Looking to the next 10 years, Willis says that TWDCC will further cement its position as a place of cultural significance in the Bay Area. Willis says she also wants to continue to reinvent how the arts, technology, and community partnerships can create what health and sustainability looks like in today’s Covid-19 world.

“Ten years ago, Cat and I stood in this empty dance studio without a dance floor and we just looked at each other and knew that we had such high hopes for the organization,” Scott says. “We built an amazing dance program for youth and opportunities for adult artists coming in and now we are expanding on the cultural center part of outreach. We will continue to grow our school and provide amazing opportunities to our dancers, but we are also going to continue to develop and grow our cultural center side.”

In celebration of the last decade, TWDCC will fittingly be collaborating with the renowned Garth Fagan Dance—a prominent New York dance company. Garth Fagan is a Tony Award-winning choreographic mastermind behind Broadway’s “The Lion King” and will be collaborating with TWDCC to create a special production in Santa Cruz in the coming years. 

“I want to expose Santa Cruz to my roots and origins,” Scott says. “They are just an incredible group of dancers, and they are the supreme essence of Black excellence.” 
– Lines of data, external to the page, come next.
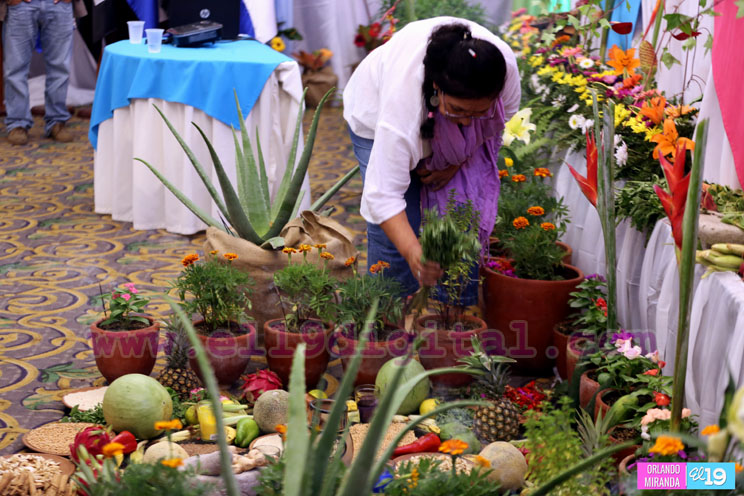 Concluye congreso internacional de medicina tradicional, natural y terapias complementarias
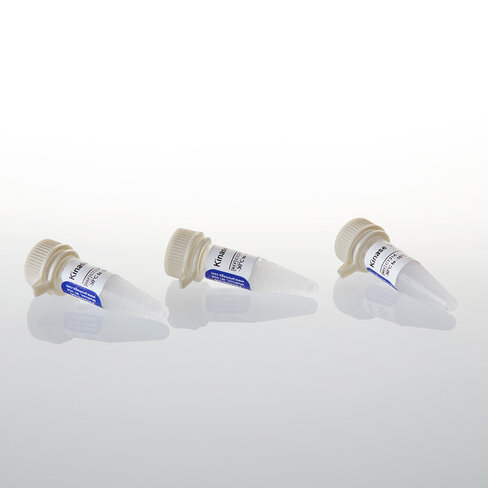 T4 PNK Buffer Pack 1,5 ml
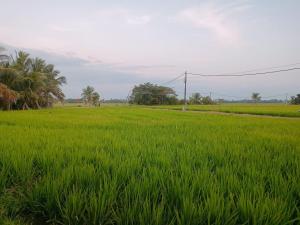 Watie Homestay Kota Emas Kota Sarang Semut Kedah Darul Aman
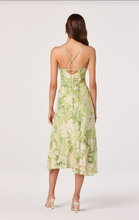 Astr Gaia Burnout Velvet Cowl Midi Dress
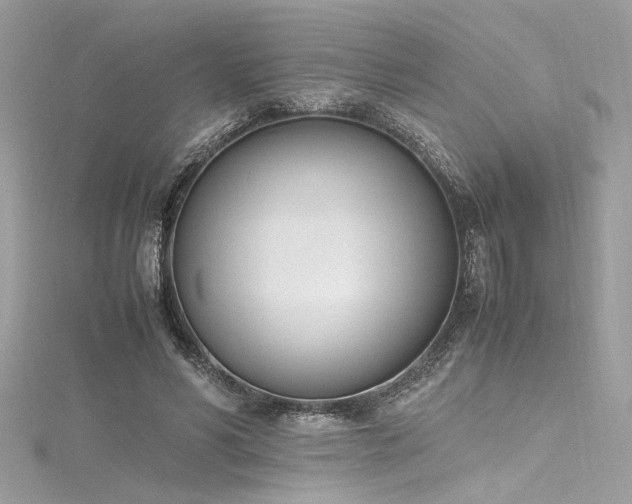 X0000116290590200911301420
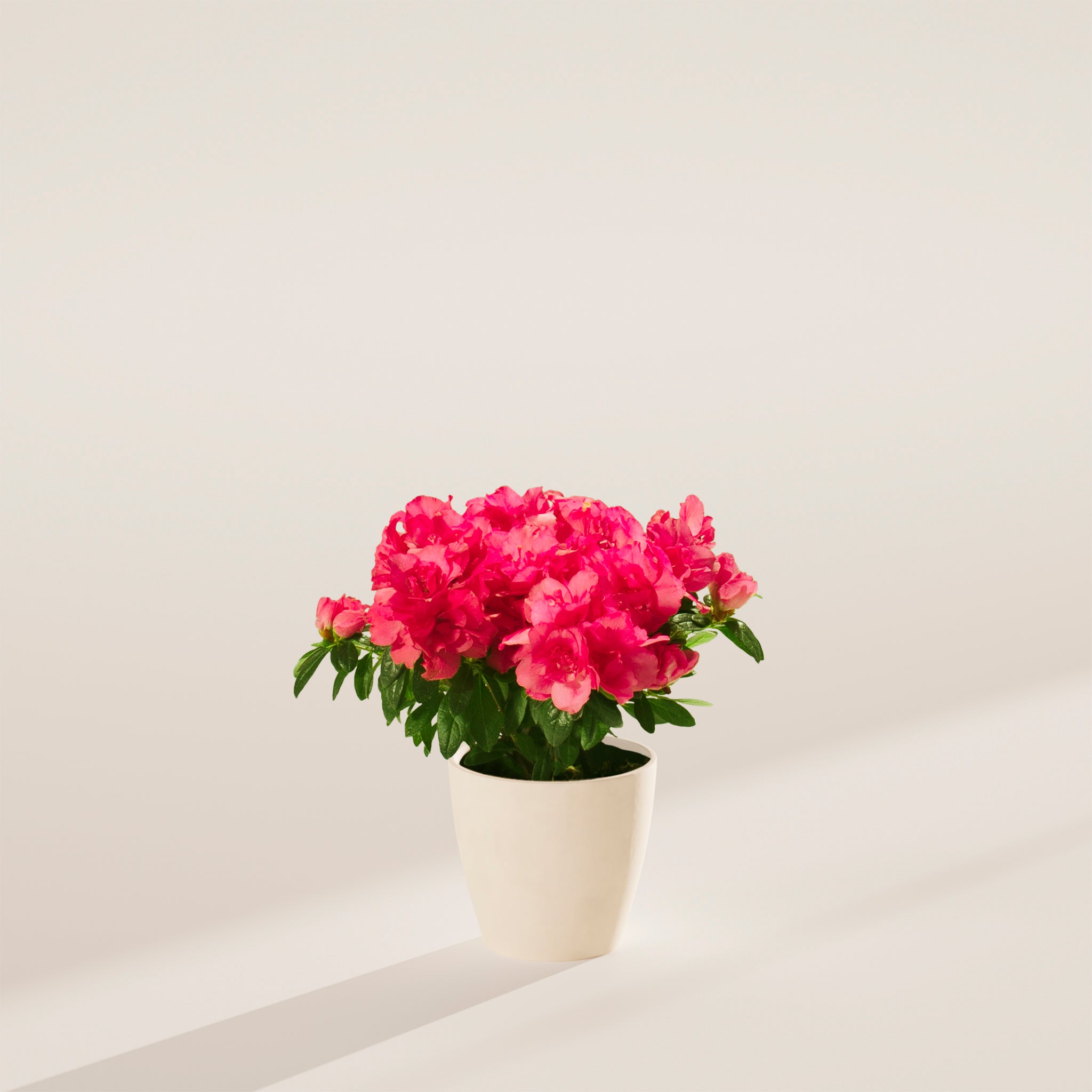 potted azalea plant Pink Blooming Azalea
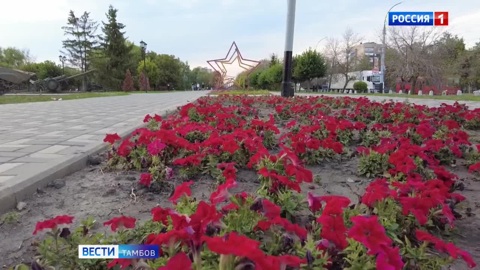 Прогноз погоды на последние дни лета в Тамбове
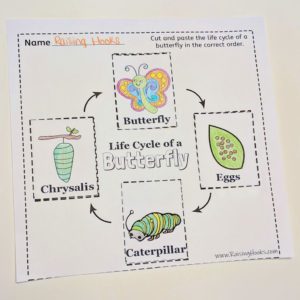 Life Cycle of a Butterfly – Cut and Paste - Raising Hooks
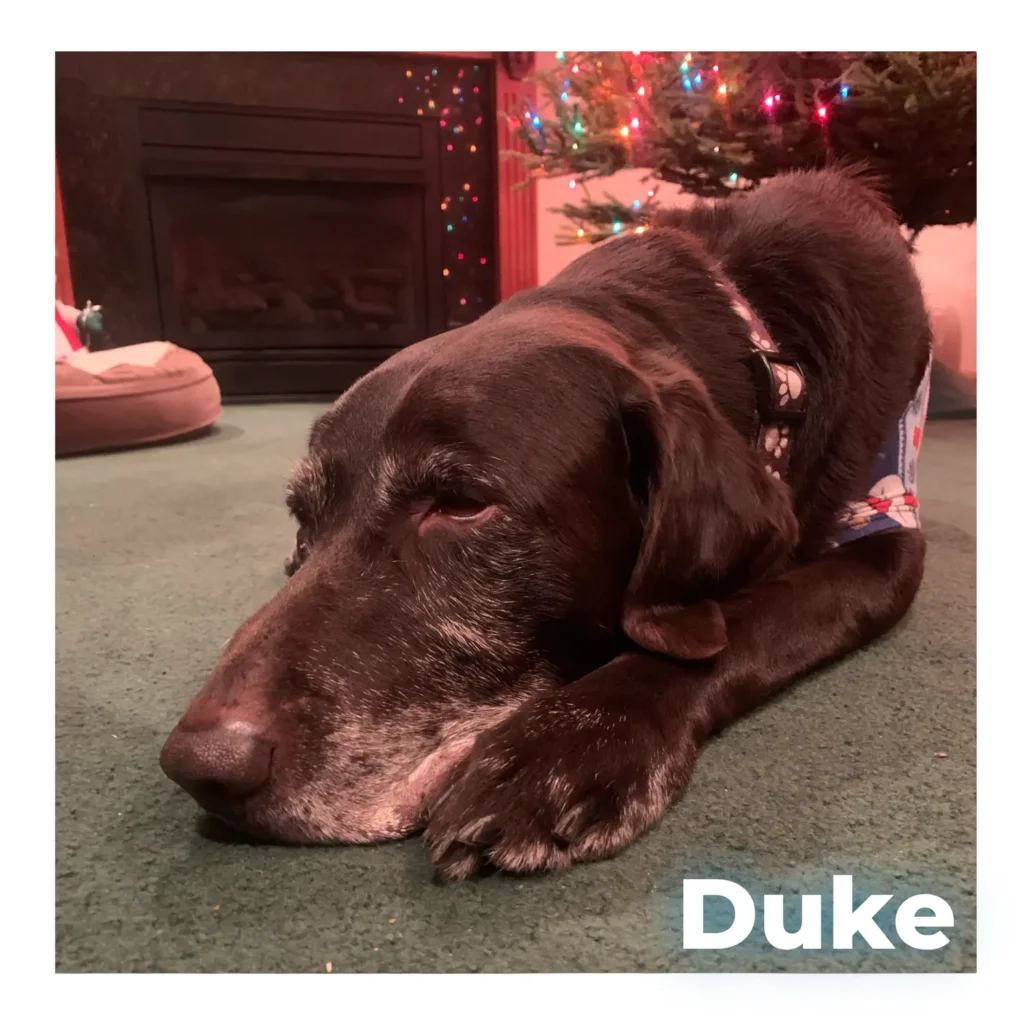 A male Chocolate Labrador resting calmly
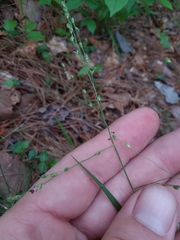 Dichanthelium angustifolium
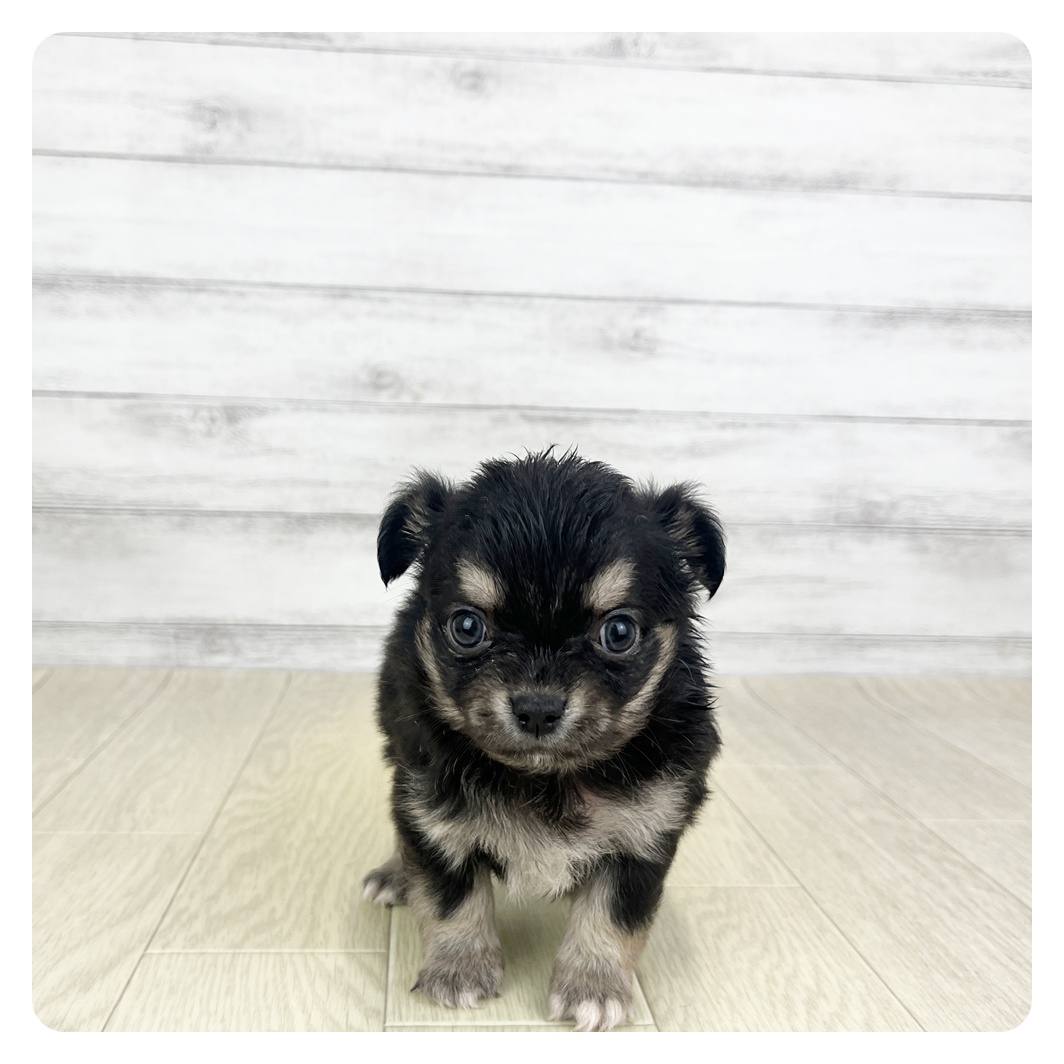 2025年8月27日生まれのチワワ(ロング)の7枚目の写真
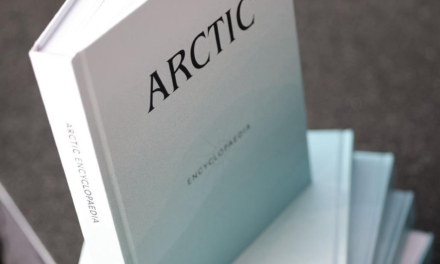 Erkjenner mangler: – Vi dekker bare en brøkdel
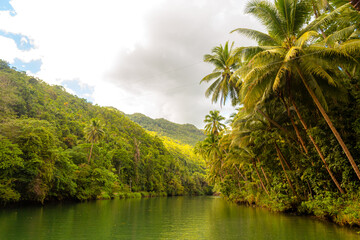 Obraz premium Tropical river with palm trees on both shores, Loboc river, Bohol, Philippines
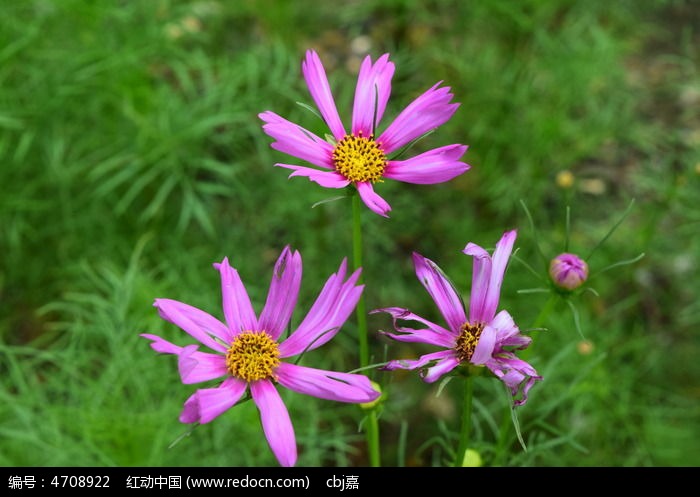 ���������õķ�ɫ����ͼƬ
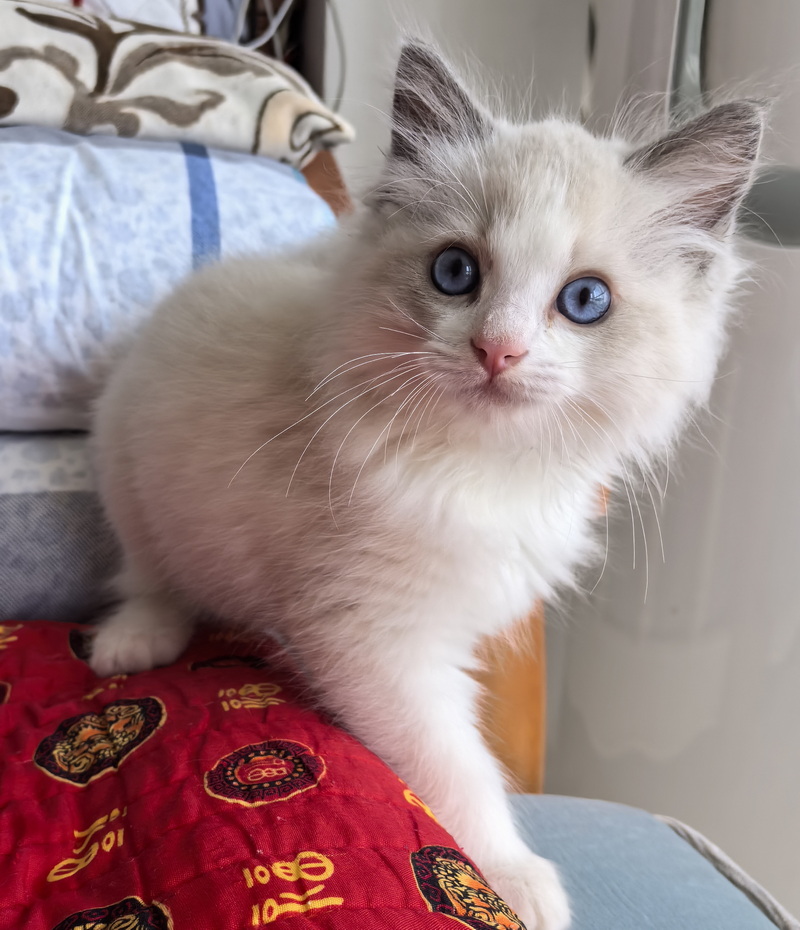 家里的小宠物——布偶猫(图1)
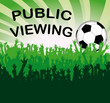 Public Viewing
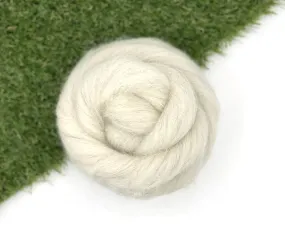 Stricken Lonk Top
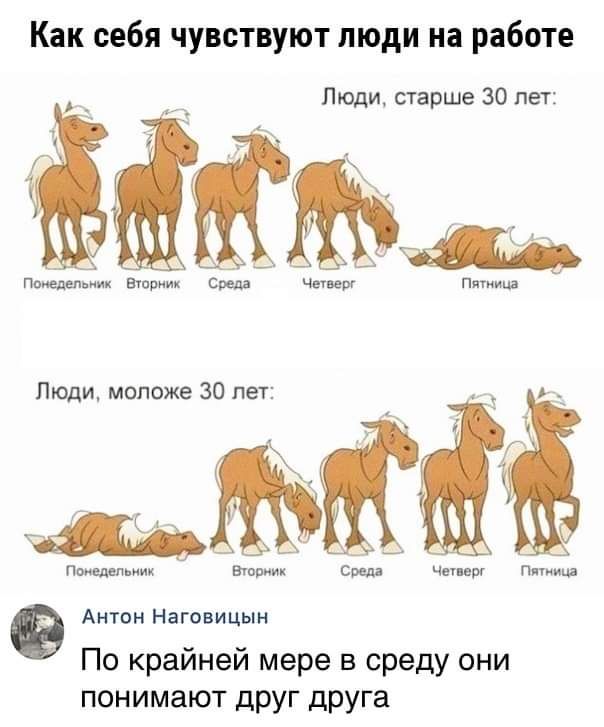 Как себя чувствуют люди на работе Люди старше 30 лет _ Ь Пвиедепииик Егппиик ч п Антон Наговицын По крайней мере в среду они понимают друг дРУГа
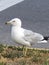 Seagull stalking the food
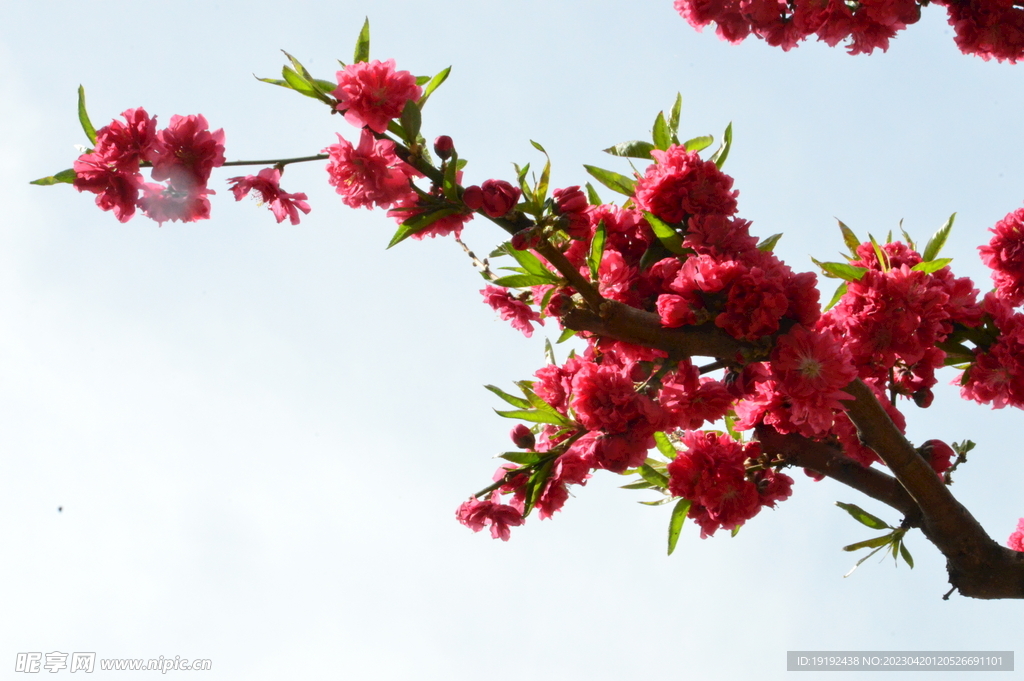 碧桃花 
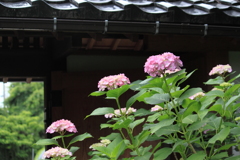 屋根瓦にお似合いピンク紫陽花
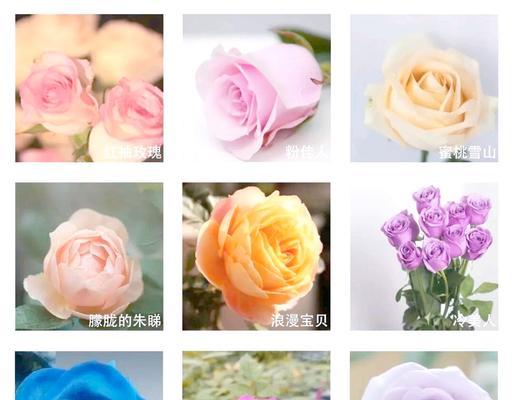 购买多少年生的玫瑰花最适合种植？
After seeing a Garth Fagan Dance Company production in California, Scott took a Greyhound bus across the country to Rochester in 1990, where she looked up the company in the phonebook. Impressed that she moved across the country alone, Fagan took Scott in as a student, and she eventually became a professional dancer there. Scott also encouraged Willis to join as a student in 1991. Today, Willis and Scott are literally sisters (in-law) and Scott says that the high standards of training and expression that she learned as both a student and professional dancer at Garth Fagan Dance have been very much been instilled in the TWDCC culture, too. 

“When we invest in building a powerful platform for these artists, we give a gift to our community,” Willis says. “We establish a professional and cultural institution that builds 

understanding, diversified knowledge, and equitable models of a healthy community.” 

As a hub of modern dance, TWDCC has brought in artists from all over the world and all areas of dance into the community fold, allowing artists to have an accommodating creative place of expression. TWDCC’s Winter Dance Fest choreographer Gregory Dawson of dawsondancesf says that TWDCC’s history of providing artists with a venue for creative expression and freedom in such an accommodating and welcoming way is rare.  

“The fact that TWDCC has leadership that believes in and understands dance, and knows how to invigorate and cultivate young artists, is a blessing,” Dawson says. “Cat and Micha are, as Black women, feeding their community motion, love, and thought. They are the right people, at the right time, for the community and the center.” 

Looking ahead, TWDCC hopes to have a virtual Winter Dance Fest—though the details haven’t been finalized, Dawson says he’s all in. Also, TWDCC recently teamed up with Motion Pacific to co-produce their first BIPOC Queer Fest, slated for this fall. “We’ve been inspired by our dance community and feel a sense of solidarity with them, especially during Covid-19, when our collaboration and partnerships ensure we all survive,” Willis says.  

Over the last 10 years, Scott says she has seen a progression of a higher caliber of dance in Santa Cruz. But, at the end of the day, she says that TWDCC focuses on the person as a human being, not just a dancer. 

“We are not one of those studios that just runs dancers through the mill and they come out the other side and they have an incredible extension and can turn in the air five times,” Scott says. “Yes, they will get the technical training, but they will learn creative expression. The bigger goal is to create artistry. Why are you doing this movement? There is a level of artistry and creative expression that can be achieved if it’s fostered and nurtured.”  

“What the campus was created for was every intersection of art-making and performance and connection to happen in one place,” Willis says. “We’ve achieved that in bursts, but the best is yet to come as far as I can see.”